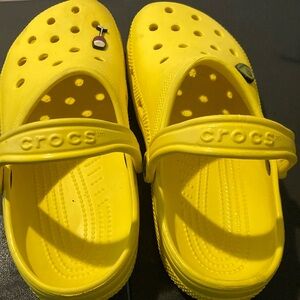 CROCS Yellow Mules with Ventilation and Heel Strap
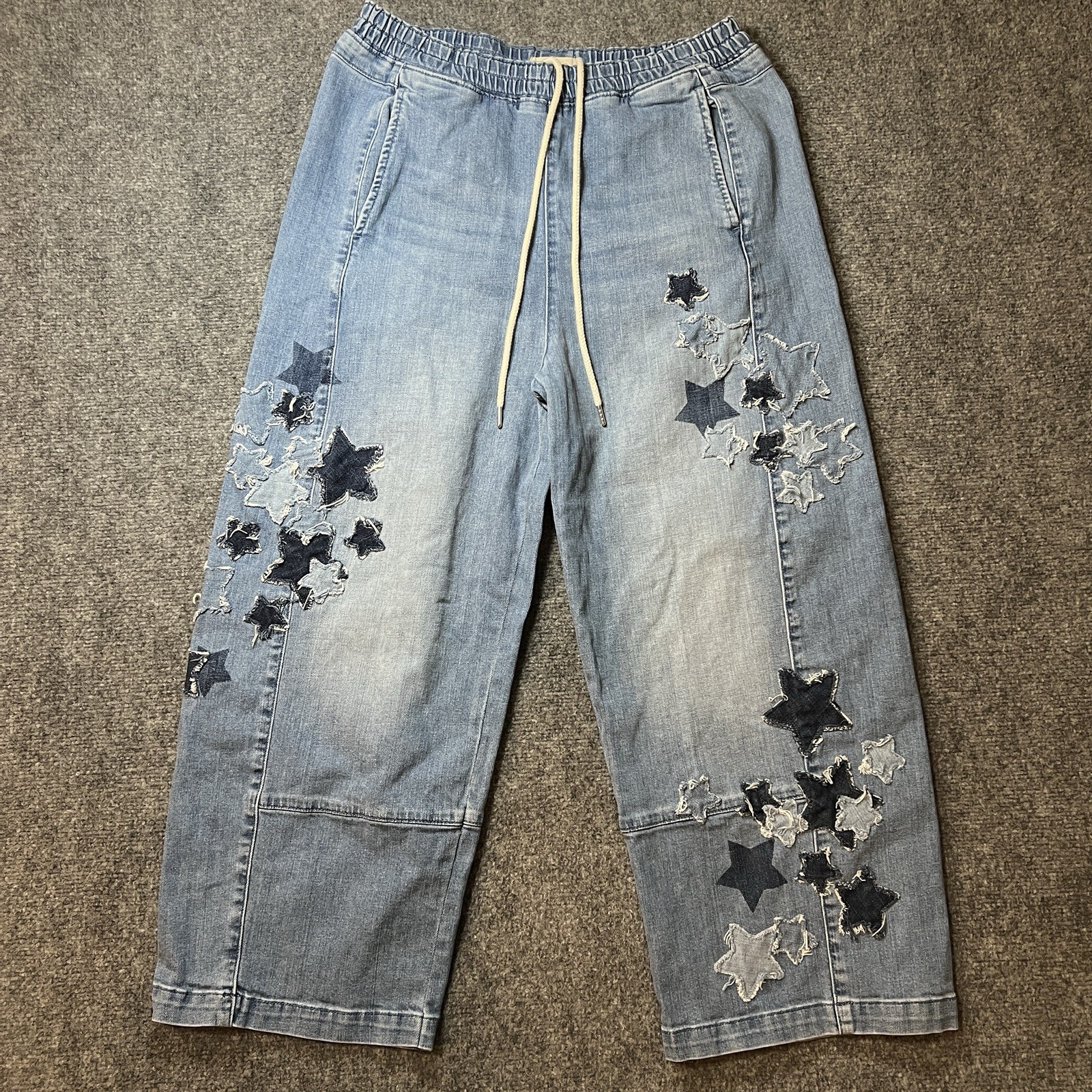 Pilcro Women’s M Blue Denim Barrel Crop Leg Drawstring Jeans Embroidered Stars Pilcro Women’s M Blue Denim Barrel Crop Leg Drawstring Jeans Embroidered Stars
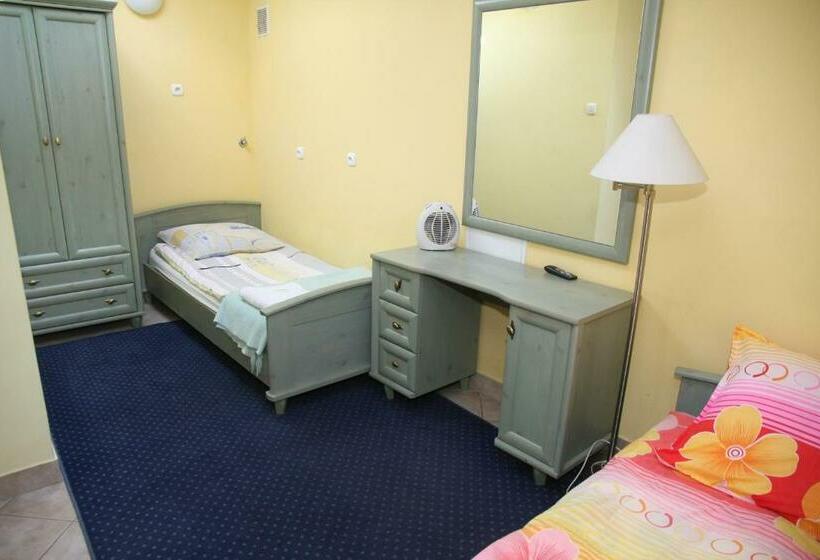 اتاق استاندارد با سرویس بهداشتی مشترک, Hostel Va Bank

========

__Exercise description__. Starting at the line that holds "Embroidered Stars Pilcro", retype every line through the end of the data, both ends included. Pictures stay out of the copy.

__Response__.
 Pilcro Women’s M Blue Denim Barrel Crop Leg Drawstring Jeans Embroidered Stars Pilcro Women’s M Blue Denim Barrel Crop Leg Drawstring Jeans Embroidered Stars
 اتاق استاندارد با سرویس بهداشتی مشترک, Hostel Va Bank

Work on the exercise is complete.